◆ **ASSIGNED TASK**:
Your reply should consist only of the lines from the one holding "Предварительный просмотр 14" to the last line of the data below, written out exactly and without pictures.
□ □ □ □
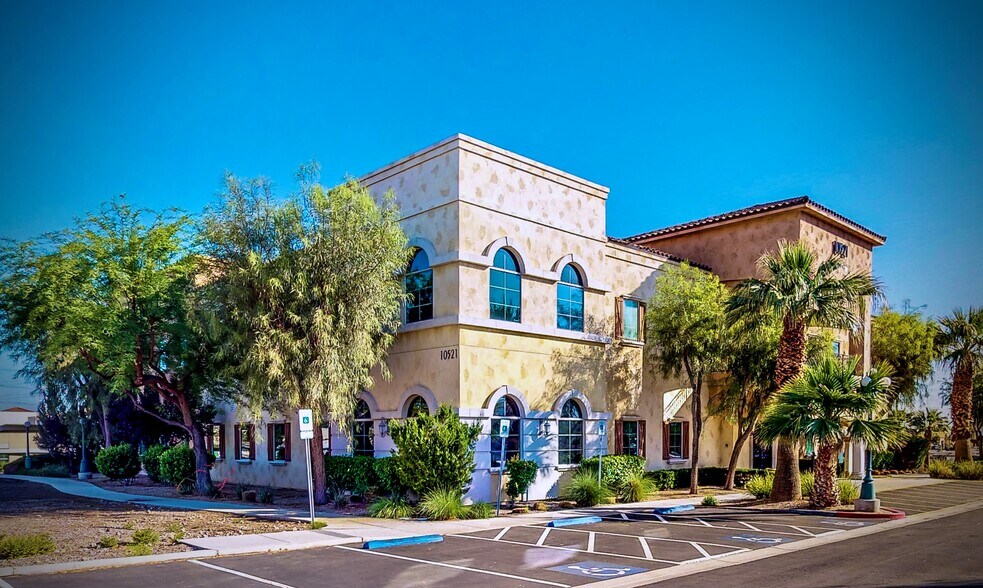 More Photos Of 10521 Jeffreys St, Henderson Medical For Lease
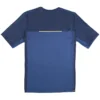 Race Face Indy Short Sleeve Jersey - Navy -CycloPro Shop rfjb170082 2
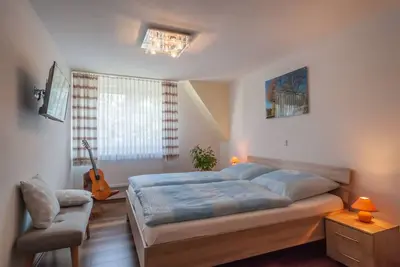 Image de Appartement familial pour 2 adultes et 2 enfants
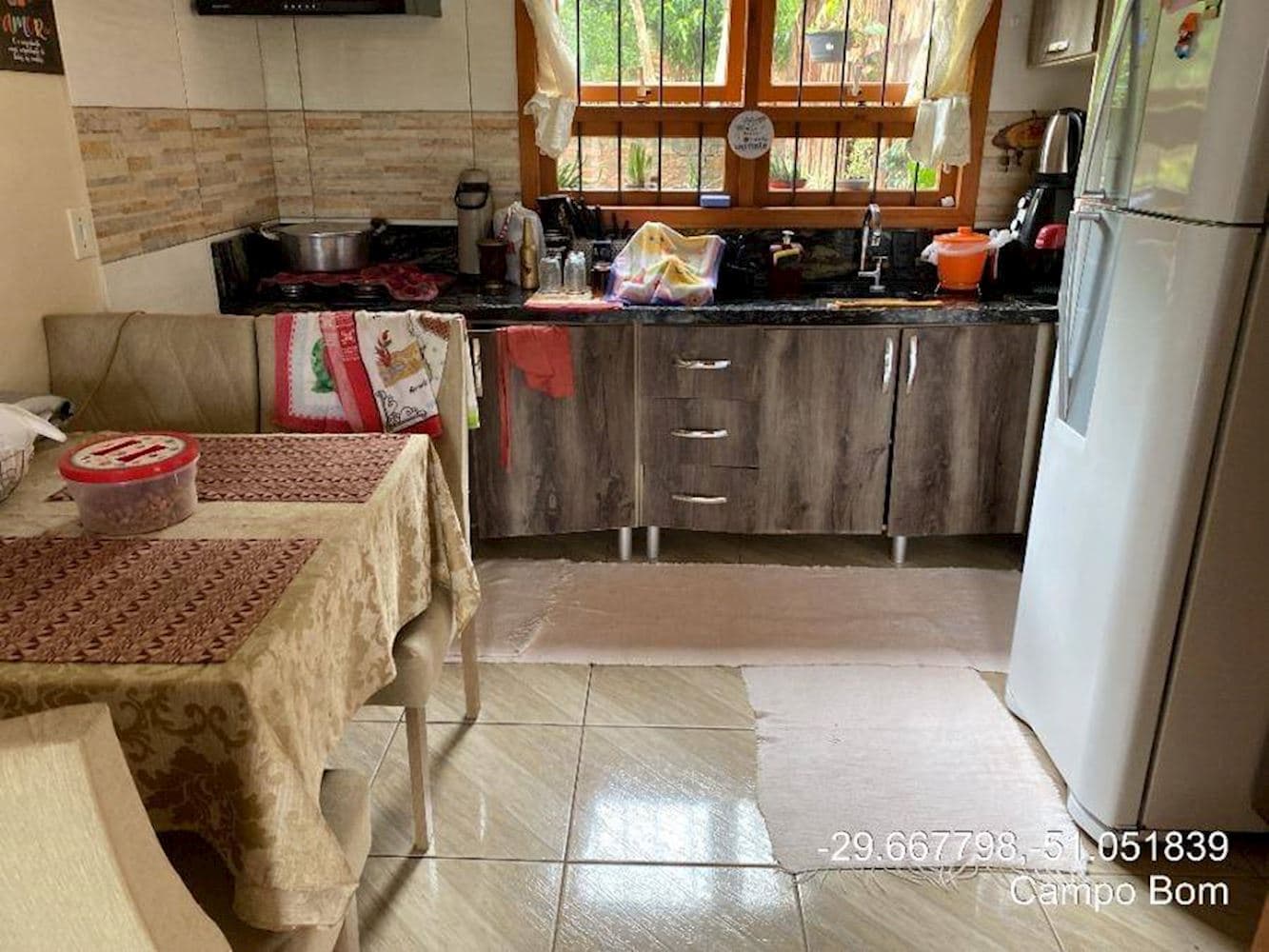 Foto 5 de 11: Casa em leilão em Campo Bom - RS, bairro Feitoria — Casa em Feitoria - Campo Bom/RS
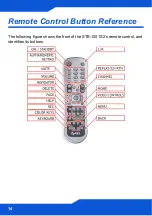 Предварительный просмотр 14 страницы ZyXEL Communications STB-1001H Quick Start Manual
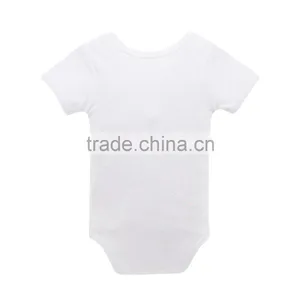 2017 Cute Design Girl Clothes 100% Cotton Baby Summer Clothes For Sleeveless thumbnail-2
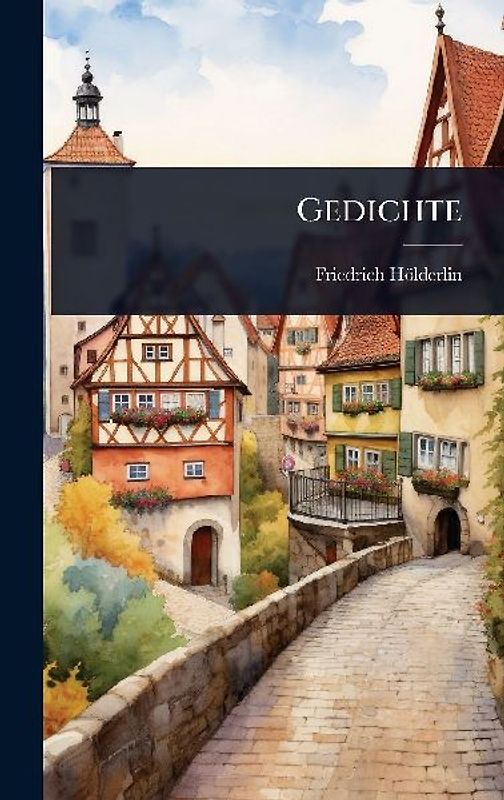 Gedichte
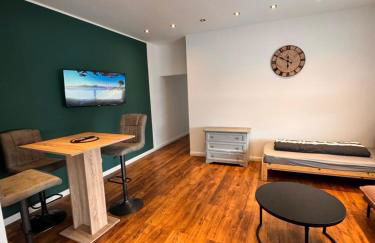 Rheinberg Whg 2 - Foto 5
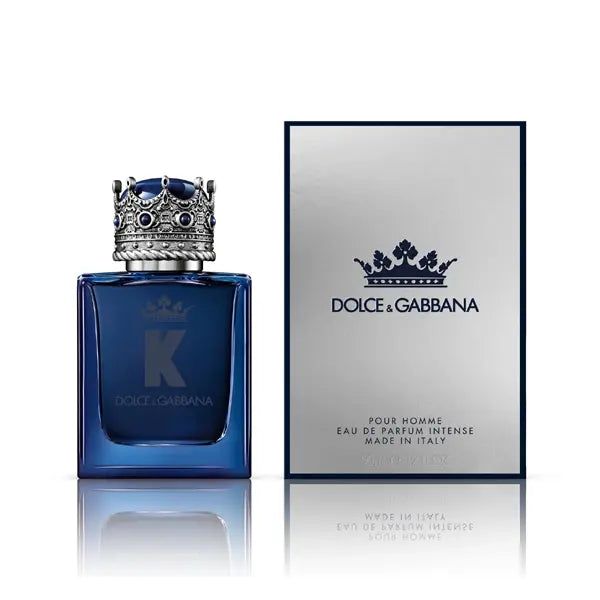 Dolce & Gabbana K Intense Eau De Parfum Spray 50ml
□ □ □ □
◆ **RESPONSE FOR THIS EXERCISE**:
 Предварительный просмотр 14 страницы ZyXEL Communications STB-1001H Quick Start Manual
 2017 Cute Design Girl Clothes 100% Cotton Baby Summer Clothes For Sleeveless thumbnail-2
 Gedichte
 Rheinberg Whg 2 - Foto 5
 Dolce & Gabbana K Intense Eau De Parfum Spray 50ml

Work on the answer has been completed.